Overview of Course Content
This course offers a buffet of topics often faced by wood design professionals, yet background data and references on the topics are not readily accessible. The first unit on Decay Processes, Design for Durability, and Insects that Attack Wood will address the science of wood decay, insects that attack wood, and design ideas to improve building durability.
In Wood Shrinkage Issues in Construction, we will review published data on the relationship between shrinkage and moisture content (MC), how environmental humidity and temperature dictate the equilibrium moisture content of lumber, and demonstrate through examples how changes in MC can impact dimensional stability in wood framing and connections.

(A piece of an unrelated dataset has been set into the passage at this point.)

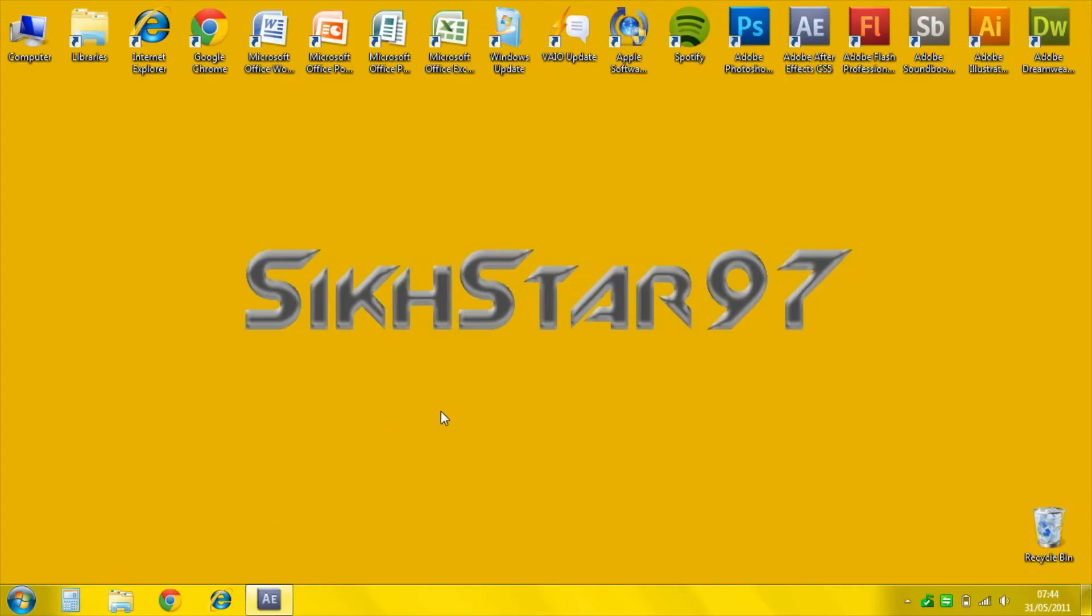Hello, I'm 6997 and today I'm going to be showing you how to render 1080p for YouTube on Adobe After Effects.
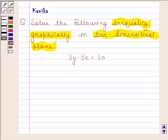We have learnt the rules used to identify the half plane represented by an inequality. According to the first rule, we take any point not on the line and check whether it satisfies the inequality or not. If the point satisfies the inequality, then the inequality represents that particular half plane containing the point. If the point does not satisfy the inequality, then the other half plane represents the solution.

Structural lumber used in North America can be graded visually or by machine (MSR or MEL). In Lumber Grading Methods and Design Values, we will review the methods used to mechanically or visually grade lumber, how allowable stresses are derived from test data, safety factors for lumber, and how the outcomes of grading method affect the manufactured product. Updated lumber design values by the grading agencies will be summarized.
In Design of Built-Up Beams and Columns, we will present for designer consideration an adjustment factor for Emin to account for the reduction in variability of E when multiple plies of dimension lumber are constrained to deflect equally by proper design, detail, and installation. Example problems will demonstrate design efficiencies that can be gained.

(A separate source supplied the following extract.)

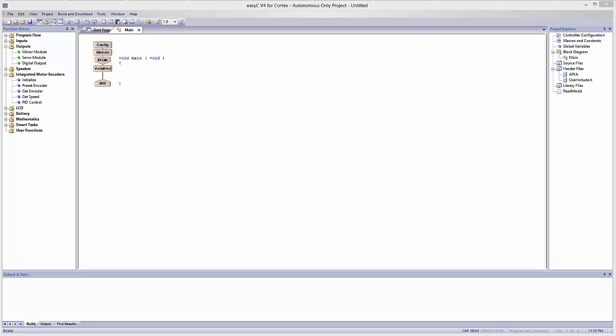Welcome to the first of many videos on how to program with EZC. This is going to be for version 4 and version 5, and this is a VEX program. So let's get started.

In Glulam Beam Design, we will review how to size and specify glulam beams and present design examples for laterally supported and unsupported glulam beams with design checks for bending, shear and deflection (short- and long-term).
In Evaluating Structural Capacity of Fire-Exposed Timber Beams and Columns, a general procedure and rational calculation methodology for determining the residual structural capacity of fire-exposed timber beams and columns will be presented.
In Multiple-Bolt Wood Connection Design, participants will review a model code requirement through the NDS to check “local stresses” in multiple-bolt connections. Design methods offered in the NDS for calculating the additional failure modes for multiple-bolt connections due to “local stresses” will be demonstrated by calculations.
In Wood Truss Design Responsibilities, we will discuss the responsibilities of the Owner, Registered Design Professional or Building Designer, Contractor, Truss Design Engineer or Truss Designer, and Truss Manufacturer when metal-plateconnected wood trusses are utilized in a project. ANSI/TPI 1-2007 defines the various responsibilities for the parties involved in the use of MPC wood trusses. ANSI/TPI 1-2007 is referenced for MPC wood trusses in the 2009/12 IBC.
In Basics of Diaphragm and Shear Wall Design, we will present load path concepts and basic design methodologies for resisting lateral loads due to wind and seismic events. Examples will illustrate design of framing, panels, chords and tie-down anchorage. We will illustrate how to apply appropriate adjustment factors for Allowable Stress Design (ASD) and Load and Resistance Factor Design (LRFD) and discuss sources of design values for diaphragms/shear walls.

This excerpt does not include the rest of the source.